# British Commonwealth Air Training Plan



## Capt. Scott Tailwheel (Nov 27, 2004)

Anyone want to get into this topic. In our area there are several sites remaining from this huge training venture. Which basically allowed the commonwealth to train air crew in a safe environment in Canada, something I consider to have been one of our greatest contributions to winning WWII.


----------



## HealzDevo (Nov 27, 2004)

Can you get us any photos of these sites as they are today or perhaps were back then?


----------



## Nonskimmer (Nov 27, 2004)

Indeed it was. But only after the looming war clouds had arrived. 
For many months before the formal beginning of hostilities MacKenzie King, Prime Minister of Canada, was adamant that no British aircrews be allowed to train in Canada.

Not exactly our finest hour, when one considers the peril that was to befall Britain in 1940,
due largely to a lack of properly trained pilots!

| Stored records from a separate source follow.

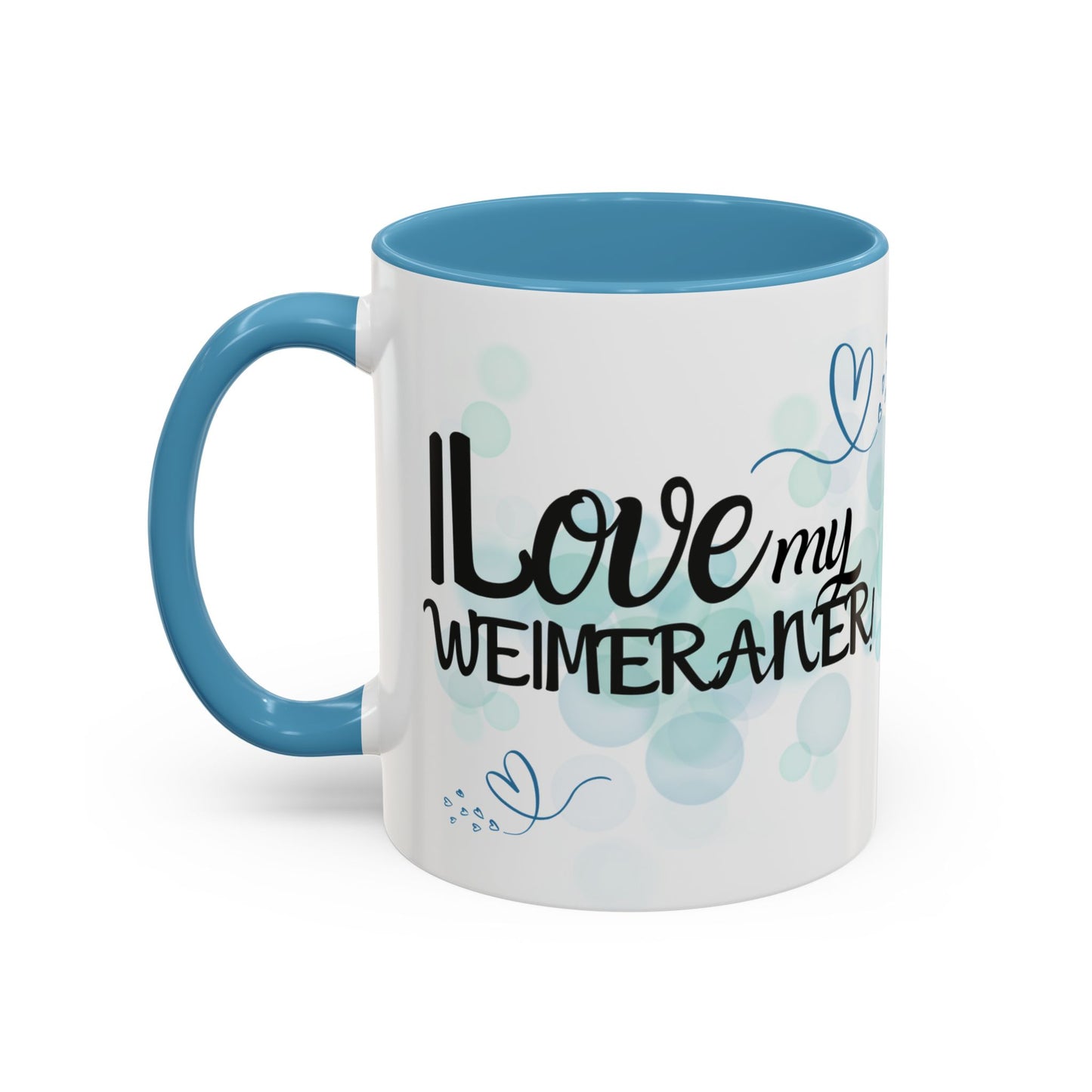 “I Love My Dog” Mug - Weimeraner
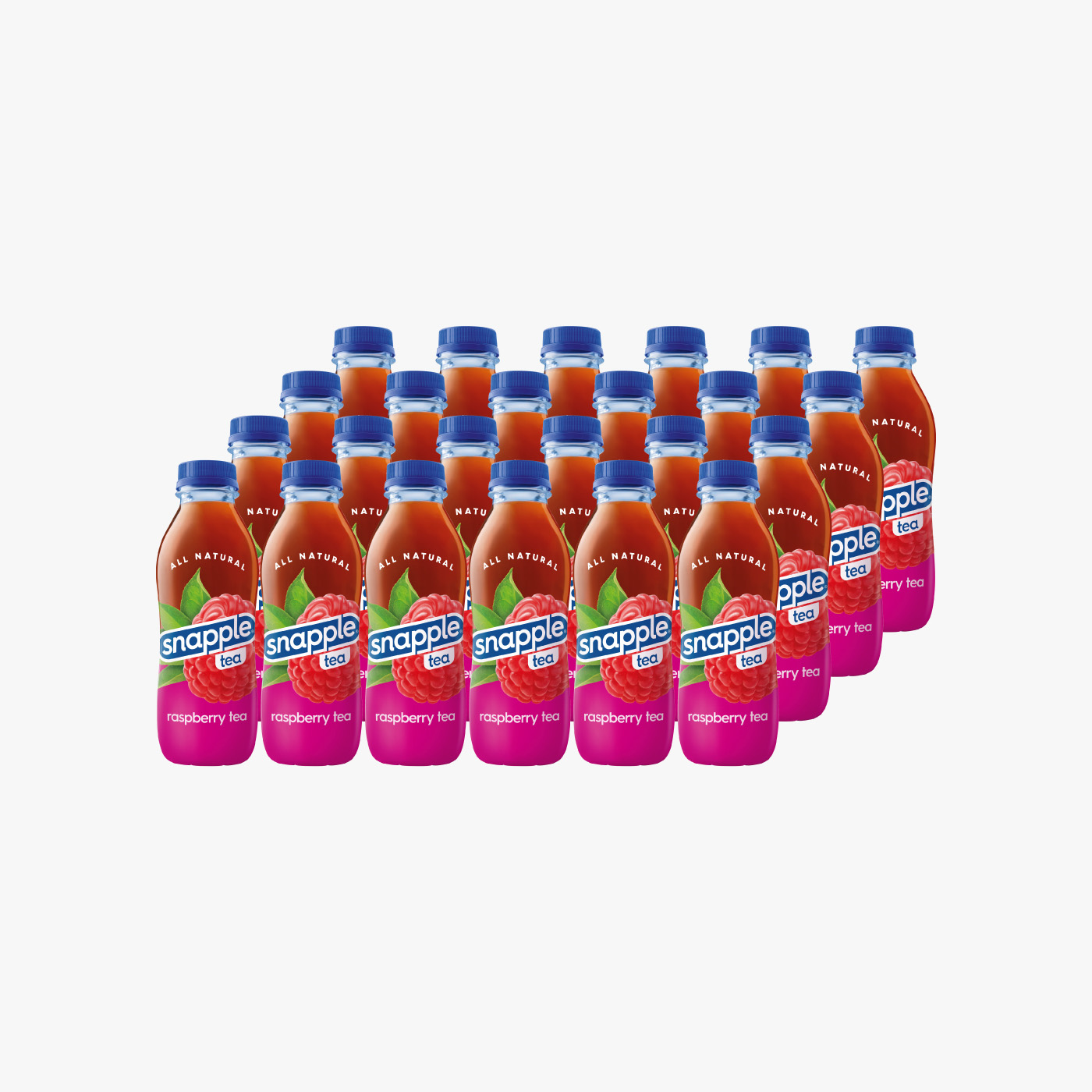 Snapple Iced Tea Raspberry - 473ml × 24
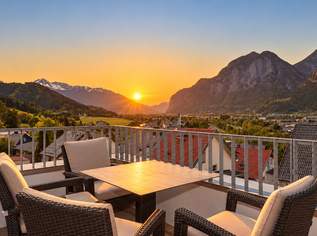 3-Zimmer-Terrassenwohnung mit Privatgarten & Panoramablick über Innsbruck, 699500 €, Immobilien-Wohnungen in Tirol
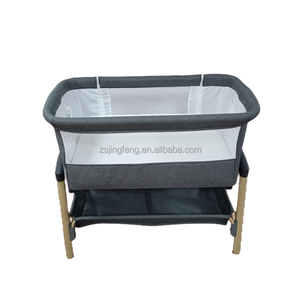 Giường em bé dễ dàng để đóng gói giường du lịch di động Nệm thoải mái di động cho trẻ sơ sinh cũi tổ em bé giường ngủ - Product Image 5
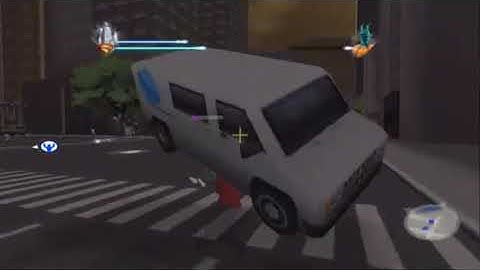 Superman Returns The Game Classic Playstation 2 videogame walkthrough part 13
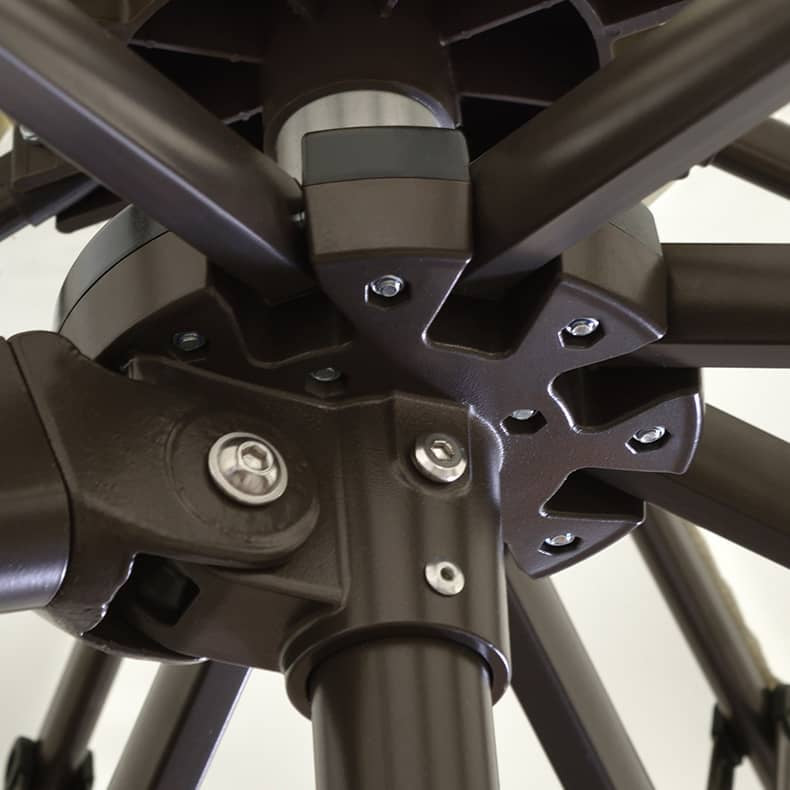 パラソル ガーデンパラソル パラソルセット 大きめ 日除け 雨ざらし パラソル スタンドパラソル zy-127-2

But I agree that once the ball got rolling, so to speak, the vastness of Canadian airspace contributed greatly to the war effort, in terms of training Commonwealth aircrews. As did Canadian war production.


----------



## Capt. Scott Tailwheel (Nov 29, 2004)

I'll see what I can do about gettting some photos... There are a number of sites around here (Alberta) and some have several surviving buildings. Here's a couple I found of Vulcan No. 2 Flight Instructors School


----------



## Capt. Scott Tailwheel (Nov 29, 2004)

And what still survives today, although on my last visit the site had deteriorated significantly. No support buildings survive any longer although when I first visited the site the fire hall and a few others were recognizable. It was kind of strange that first visit the large base ghostly as it appeared out of a winter fog. As I walked through the buildings, it was as if everything had been left as is, there was even a fight board on one wall with the student and instructors names, lessons and A/C info. chaulked in and left as it was on the last active date in 1945. I kept expecting to see or hear Ansons taxiing past the windows or flying overhead. The runways were in fair condition, even one which I could still land and take off on as it was in good condition (You can see a bit of it in the third photo and it ran along the hangar row. Now they're all unusable. I think in a few more years it will be gone entirely.


----------



## Nonskimmer (Nov 29, 2004)

Those are good pics, Capt. Scott.  
Do you know what is to become of these old sites, or are they simply to rot away completely?


----------



## HealzDevo (Nov 30, 2004)

Unfortunately that is how some people treat history. However, one of these sites, if ever it was restored would make a great flying museum and provide for General aviation depending on how far it was away from other buildings etc. It could make money as a test centre for restored and new planes.


----------